▶ **Image-text web data**
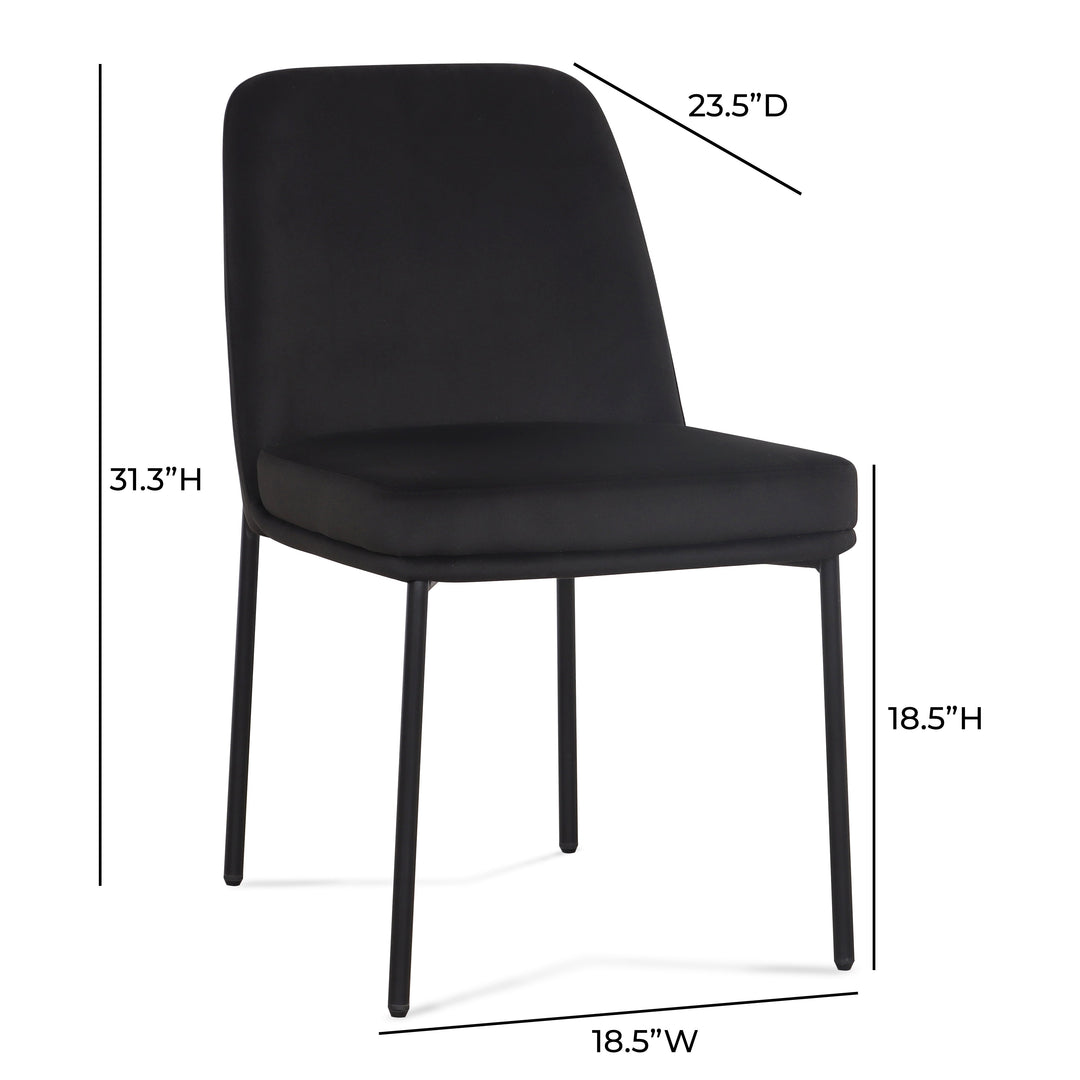 Sydney Black Performance Velvet Dining Chair - Set of 2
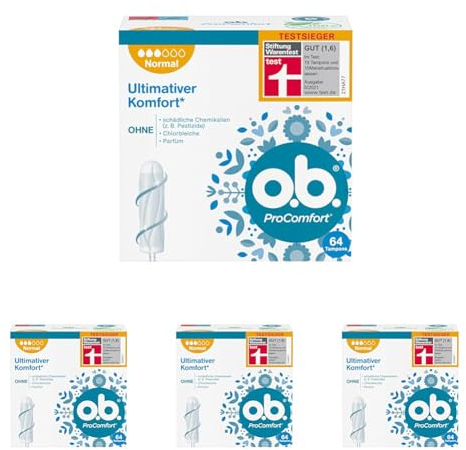 o.b. Tampon, ProComfort Normal, für mittlere bis stärkere Tage, ultimativer Komfort* und zuverlässiger Schutz, 64 Stück, Verpackung kann abweichen (Packung mit 4)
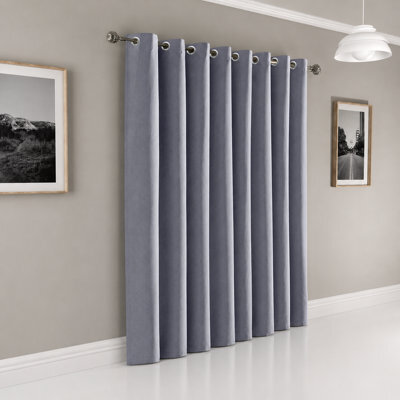 Moonlight Bedding Linen Texture 100%blackout Eyelet Curtain Single Panel Thermal Insulated For Summer Door Curtain (Grey,66'x84'') - image 1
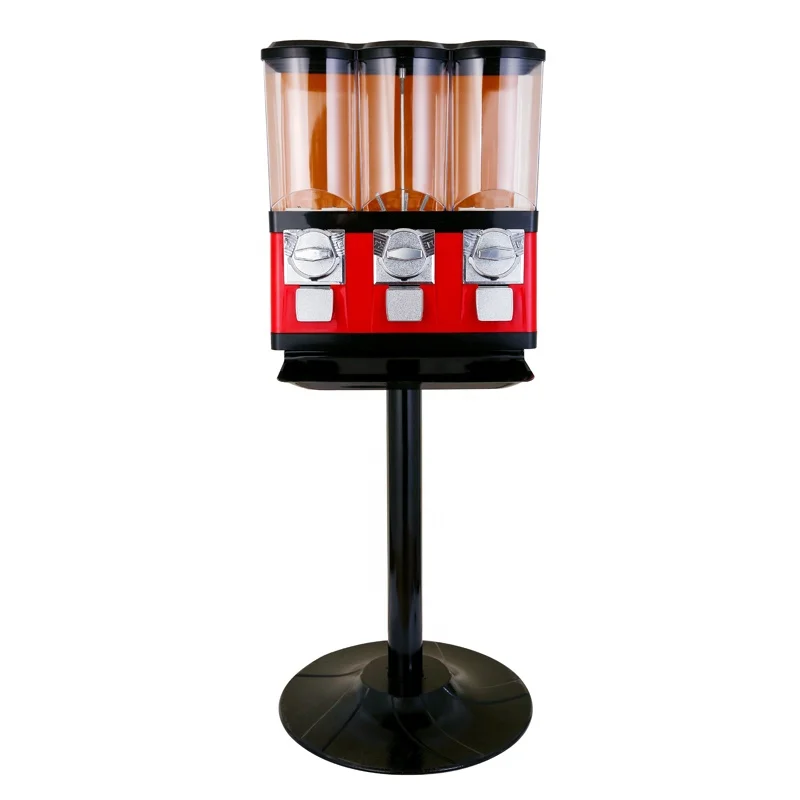 Triple Candy Vending Machine made by Metal and PC. with stand coin operated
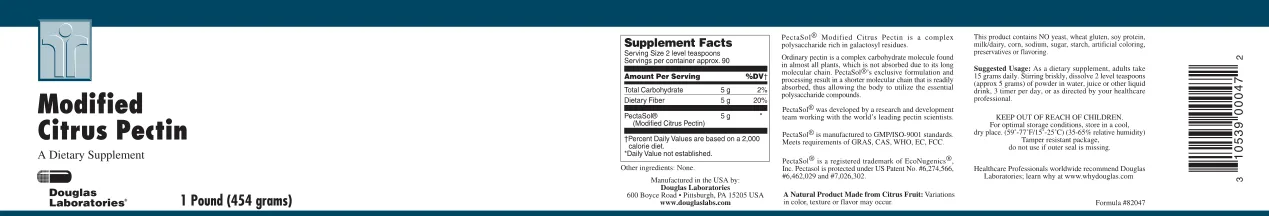 Label for Modified Citrus Pectin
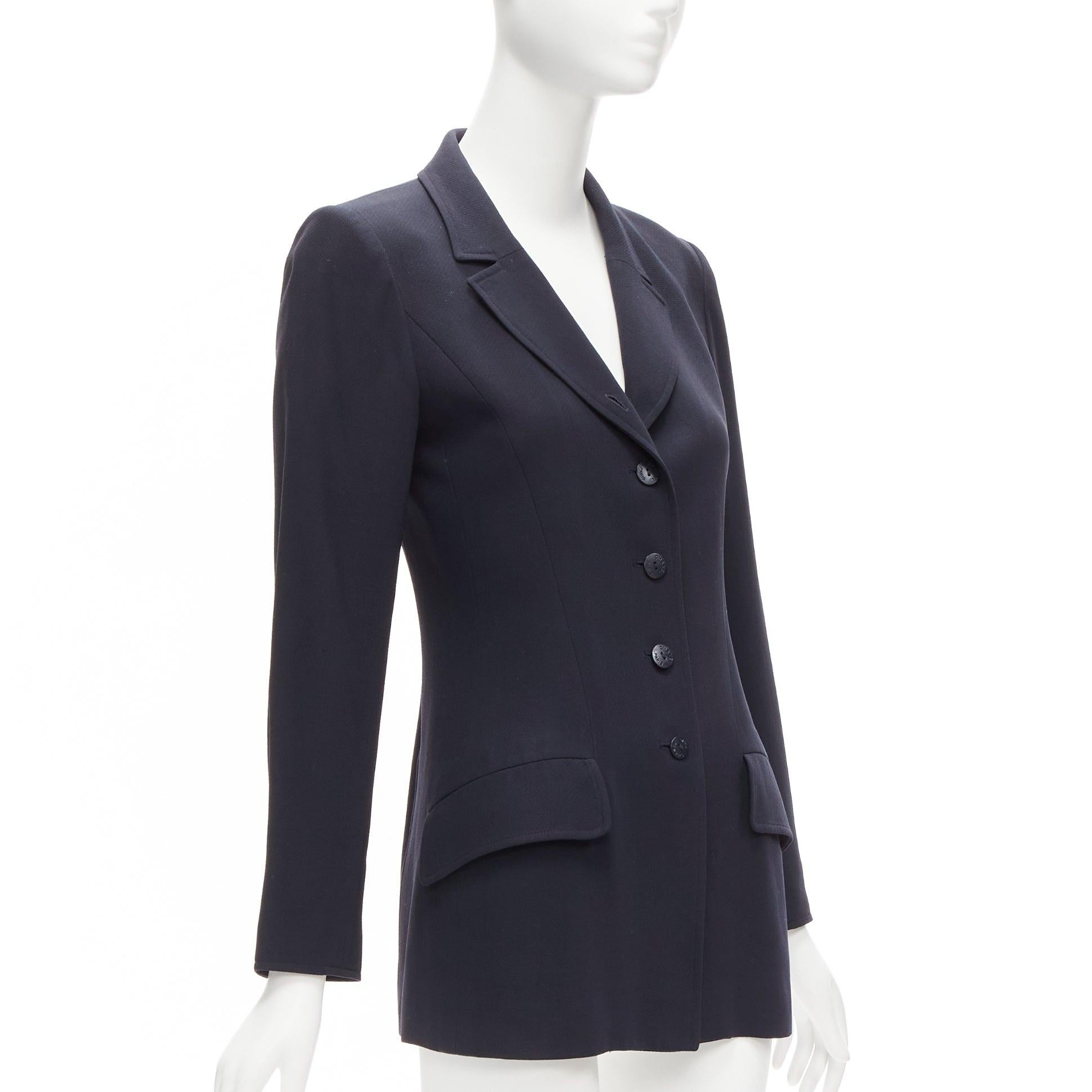 CHANEL Karl Lagerfeld 98A Vintage navy wool CC button blazer FR36 S In Good Condition For Sale In Hong Kong, NT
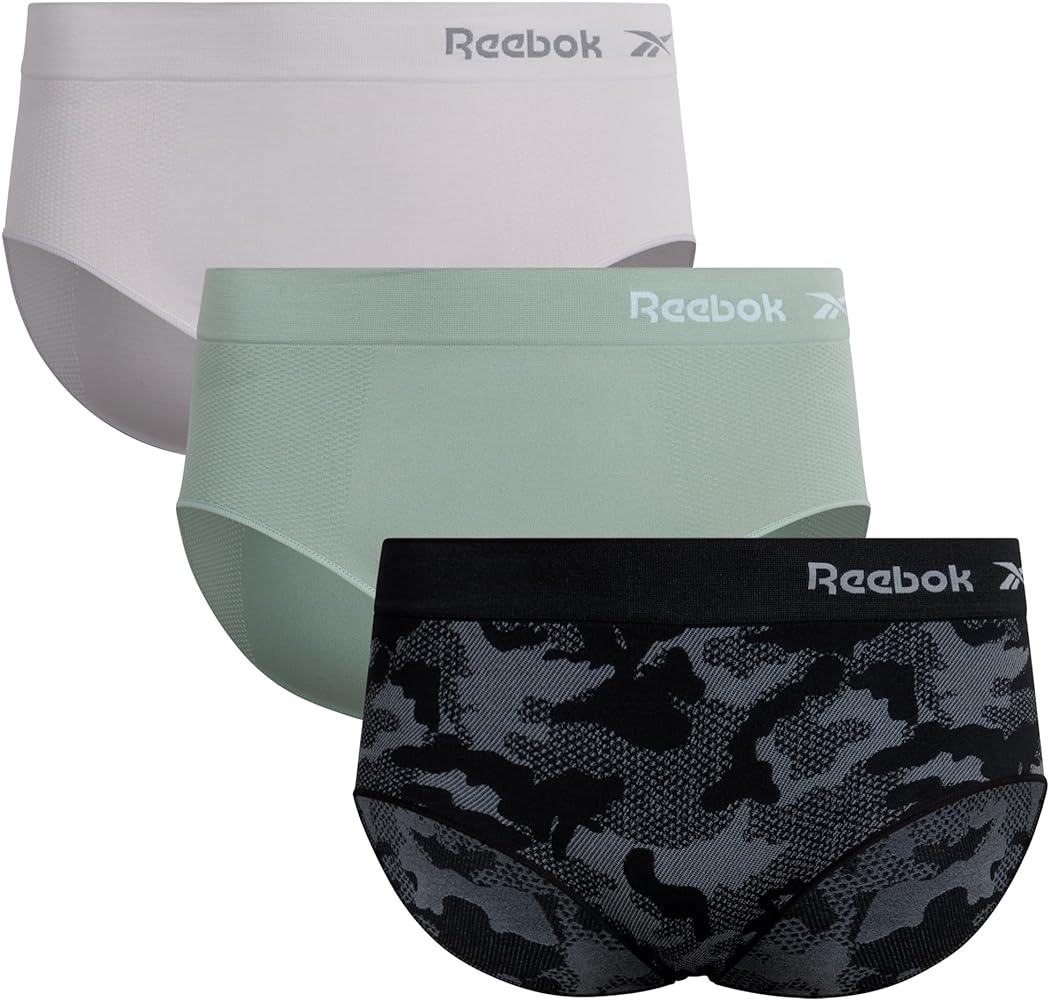 Reebok Women's Hipster Panties - 3 Pack Stretch Performance Hipsters Plus Size Panties - Seamless Underwear for Women (1X-3X), Size 3X-Large, Black/Green/Lily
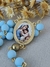 Terço Corrente com Foto - Azul Bebê/Dourado na internet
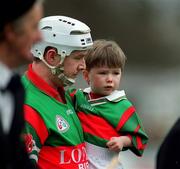 25 March 2001; Birr captain Gary Cahill with his son Eoghan in the pre match parade before the Offaly County Senior Hurling Championship Final match between Birr and Seir Kieran at St Brendan's Park in Birr, Offaly. Photo by Brendan Moran/Sportsfile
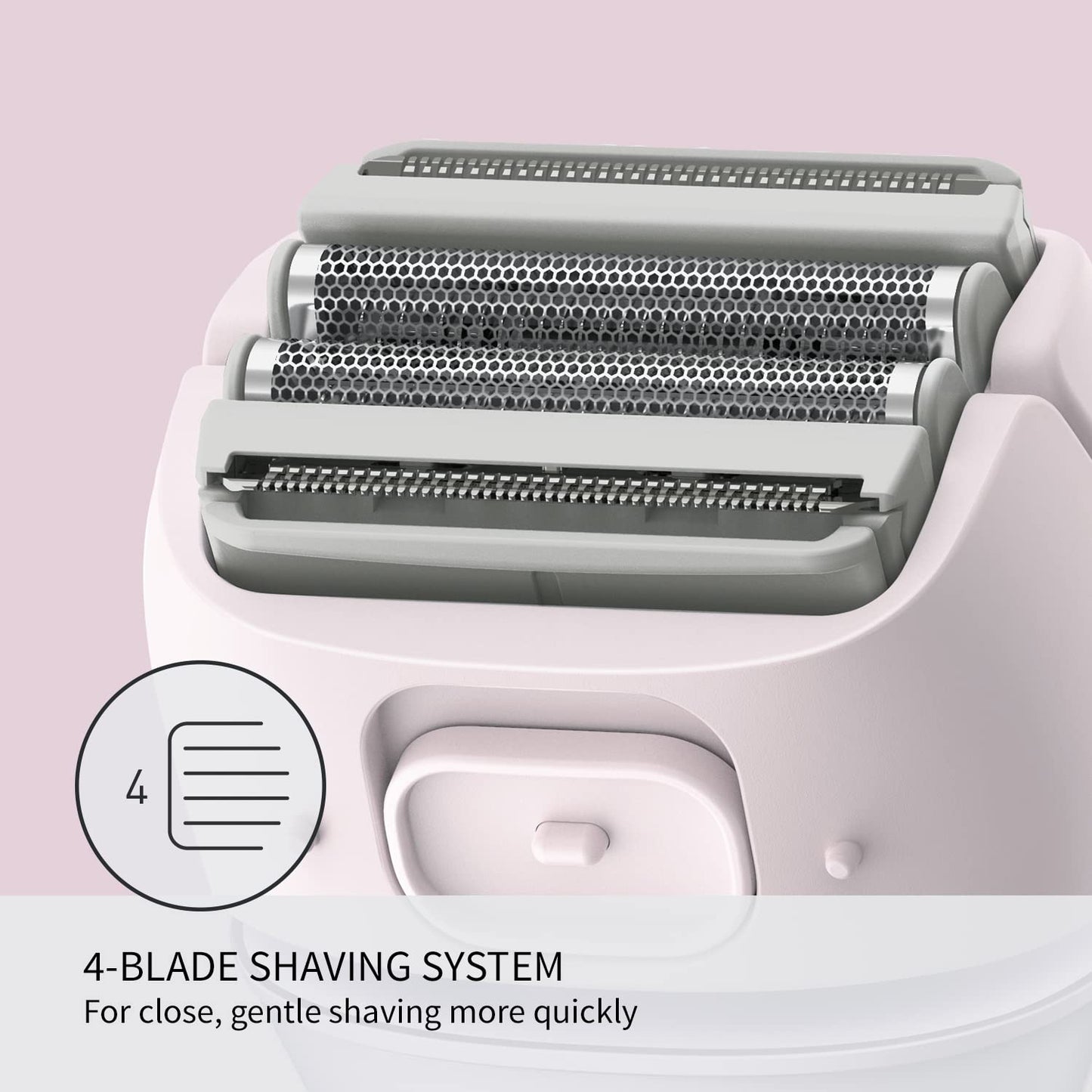 Panasonic Electric Shaver for Women, Cordless 4-Blade Shaver, Bikini Attachment, Pop-Up Trimmer, Wet Dry Operation - ES-AWL8AV (Purple)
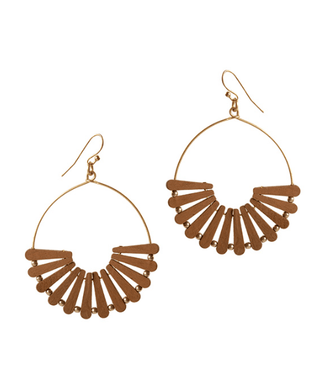 Wood Fan Earring - Bray and Em Boutique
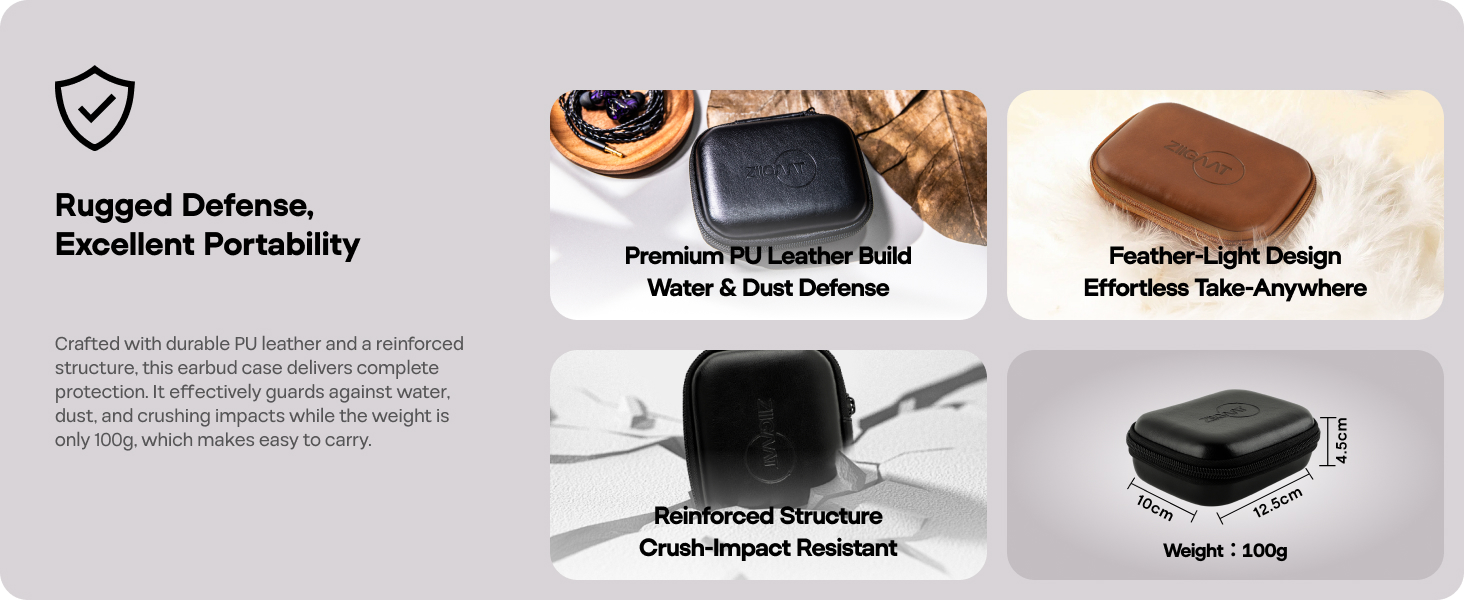 Linsoul ZiiGaat PELLEPOD Leather Earphone Case, Waterproof Protective Box for Storage of IEM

▶ **What is required**
Repeat every record above exactly. The pictures do not belong in the copy.

▶ **Solved problem**
 Sydney Black Performance Velvet Dining Chair - Set of 2
 o.b. Tampon, ProComfort Normal, für mittlere bis stärkere Tage, ultimativer Komfort* und zuverlässiger Schutz, 64 Stück, Verpackung kann abweichen (Packung mit 4)
 Moonlight Bedding Linen Texture 100%blackout Eyelet Curtain Single Panel Thermal Insulated For Summer Door Curtain (Grey,66'x84'') - image 1
 Triple Candy Vending Machine made by Metal and PC. with stand coin operated
 Label for Modified Citrus Pectin
 CHANEL Karl Lagerfeld 98A Vintage navy wool CC button blazer FR36 S In Good Condition For Sale In Hong Kong, NT
 Reebok Women's Hipster Panties - 3 Pack Stretch Performance Hipsters Plus Size Panties - Seamless Underwear for Women (1X-3X), Size 3X-Large, Black/Green/Lily
 Terço Corrente com Foto - Azul Bebê/Dourado na internet
 25 March 2001; Birr captain Gary Cahill with his son Eoghan in the pre match parade before the Offaly County Senior Hurling Championship Final match between Birr and Seir Kieran at St Brendan's Park in Birr, Offaly. Photo by Brendan Moran/Sportsfile
 Panasonic Electric Shaver for Women, Cordless 4-Blade Shaver, Bikini Attachment, Pop-Up Trimmer, Wet Dry Operation - ES-AWL8AV (Purple)
 Wood Fan Earring - Bray and Em Boutique
 Linsoul ZiiGaat PELLEPOD Leather Earphone Case, Waterproof Protective Box for Storage of IEM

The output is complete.